The EB-2 and EB-3 require that the American company recruiting the individual go through the Labor Certification Process.
2. O-1 Visa to an EB-1a Green Card
The O-1 is a temporary visa reserved for leading professionals with Extraordinary Ability, whether in the arts, sport, business, education, or the sciences.
- EB-1a visas are employment-based green cards available to foreign nationals who demonstrate extraordinary ability in their field, whether the sciences, the arts, education, business, or athletics. Evidence proving extraordinary is by "sustained national or international acclaim." The EB-1 visas typically have a faster turnaround time than the EB-2 or EB-3 green cards.
It is a challenge to show that an individual has become one of the best, especially if they are new to the industry. Media coverage, scientific and trade publications, patents, and awards, among other things, can be used to demonstrate extraordinary ability and even define an industry.
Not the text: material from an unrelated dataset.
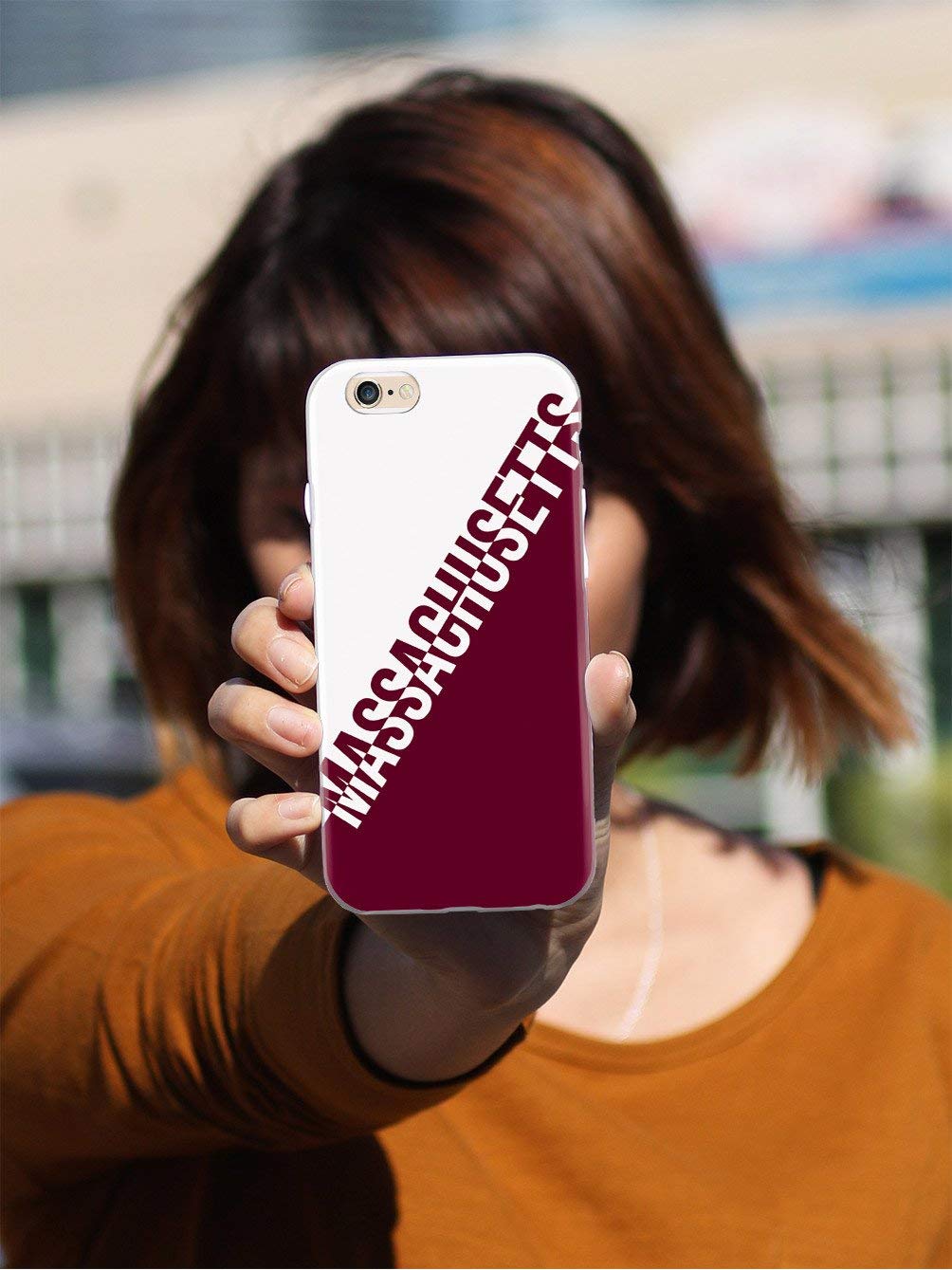 **Inspired Cases - Protective Phone Cover for Samsung Galaxy Note 9 - 3D Textured Design with Massachusetts State Pride - Durable & Slim Fit for Everyday Use & Travel**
3. L-1 Visa to an EB-1c Green Card
- EB-1c visas are the green card equivalent of an L-1. The EB-1c allows executives or managers of multinational corporations to continue working for the organization or business and permanently live in the United States.
In reviewing L-1 and EB-1c petitions, USCIS considers elements such as the relationship between companies, the company's size, the job level of the transferring employee, and the number of employees. Unless the L-1 employer is already well-known (e.g., Coca-Cola), it is often necessary to provide in-depth documentation to meet standards and requirements such as the number of employees and a credible business plan.
A common issue for these types of visas is when an executive is the owner and has 100 percent of the company. An effective strategy to resolve this matter is establishing a board of directors and creating employment agreements indicating that the person is a fireable employee. Use caution; this strategy can only be successful when done correctly.
4. Investor Visas
- E-2 Treaty Investor Visa is part of the family of U.S. visas available to citizens or nationals of one of the 30+ countries that have trade treaties with the United States and can lawfully invest in U.S. companies. A $100,000 investment into a U.S. company, 50% ownership, and a credible business plan will qualify the individual for an EB-2 visa.
- EB-5 Investor Visa requires an investment of $1.8 million or more (or at least $900,000 in certain rural areas or regions with high unemployment). The company also has to employ at least ten full-time American citizens or legal permanent residents.
What is the Labor Certification Process?
The Labor Certification Process proves to USCIS that no other U.S. workers have the minimum qualifications or are willing to take the position.
The PERM process is complicated and time-sensitive; it requires the company to:
- Establish the prevailing wage for the job;
- Determine the minimum job requirements that qualify as essential;
- Get a Specific Vocational Preparation (SVP) Rating;
- Advertise for the job in a specific way;
- Complete a rigid recruitment process;
- File the Labor Certification form DS989 and the I -140.
The Labor Certification process is lengthy, with wait times that depend on the individual's country of origin. Since many people are entering the tech industry from India and China, the wait can be up to ten years for people from those countries.
Note: H-1B holders can get indefinite extensions if the petitioning company files an EB-2 or EB-3 before the end of the fifth year.